In this project, i have implemented Recommendation Engine for Movies.
Different approaches, choosing an approach and why.
To understand the role of sorting algorithms and make a choice, one should know the different types of filtering algorithms present. They are:
- Content-based filtering - In this, content is recommended to a user based on the past content-interaction of the same user.
- Collaborative filtering - In this, content is recommended to a user based on the similarity of that user's content-interaction to another user's content-interaction. Users with similar activities are recommeded similar contents.
- Hybrid filtering - This is a combination of Content-based and Collaborative filtering.

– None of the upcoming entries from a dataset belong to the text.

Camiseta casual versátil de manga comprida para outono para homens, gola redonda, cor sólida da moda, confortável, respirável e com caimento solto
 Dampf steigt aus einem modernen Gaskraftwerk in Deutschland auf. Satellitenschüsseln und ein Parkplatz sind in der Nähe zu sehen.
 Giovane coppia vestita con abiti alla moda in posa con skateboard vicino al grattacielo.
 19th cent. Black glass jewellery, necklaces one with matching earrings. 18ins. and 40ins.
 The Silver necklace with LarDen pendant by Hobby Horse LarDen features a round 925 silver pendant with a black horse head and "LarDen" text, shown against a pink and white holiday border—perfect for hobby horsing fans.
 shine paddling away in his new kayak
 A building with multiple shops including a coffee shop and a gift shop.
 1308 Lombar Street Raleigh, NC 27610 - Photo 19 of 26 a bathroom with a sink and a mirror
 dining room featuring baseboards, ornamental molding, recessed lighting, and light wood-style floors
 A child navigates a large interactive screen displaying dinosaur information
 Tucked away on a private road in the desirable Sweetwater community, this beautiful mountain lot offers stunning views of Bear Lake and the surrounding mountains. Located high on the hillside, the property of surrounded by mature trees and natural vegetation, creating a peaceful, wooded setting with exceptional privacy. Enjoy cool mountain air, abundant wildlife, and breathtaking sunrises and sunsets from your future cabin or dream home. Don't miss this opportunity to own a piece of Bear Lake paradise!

My objective was to implement an approach that would be :
- relevant to the user (content similarity)
- avoid cold start to the problem Therefore, content-based filtering approach has been used in this project.
Link to the dataset: https://www.kaggle.com/datasets/tmdb/tmdb-movie-metadata/discussion?select=tmdb_5000_movies.csv
The datasets are also available with this repo, in a folder titled Datasets
The following were the factors kept in mind while selecting the dataset :
- Relevant and useful data
- Different and diverse attributes (to facilitate content-based filtering approach)
- Manageable computational load
- Dataset Analysis
- Data Pre-processing
- Model Building (using text vectorization and cosine similarity)
- Model Testing
- Establishing web connection (using streamlit)
To install and run the project on your local system, following are the requirements:
Make sure you have the following libraries installed in your python environment, using the following commands :
pip install ast
pip install nltk
pip install pickle
pip install streamlit
After downloading source code files from this repo, perform the following steps:
- Open get_recommendation.ipynb jupyter notebook file and change the location of datasets in the following visible lines of code :
movies_df = pd.read_csv('C:/Users/Aaheli Paul/Movie-Recommendation-Engine-Engage-2022-Project/Datasets/tmdb_5000_movies.csv')
credits_df = pd.read_csv('C:/Users/Aaheli Paul/Movie-Recommendation-Engine-Engage-2022-Project/Datasets/tmdb_5000_credits.csv')
- Run and execute the get_recommendation.ipynb jupyter notebook file or run the following command on command prompt:
python get_recommendation.ipynb
After completing the execution of this file, there will be two files downloaded to the main folder : movie_list.pkl, similarity.pkl
These files will be used during the execution of app.py file.
- After entering the source code folder, run the following command on command prompt, to locally host the webpage
streamlit run app.py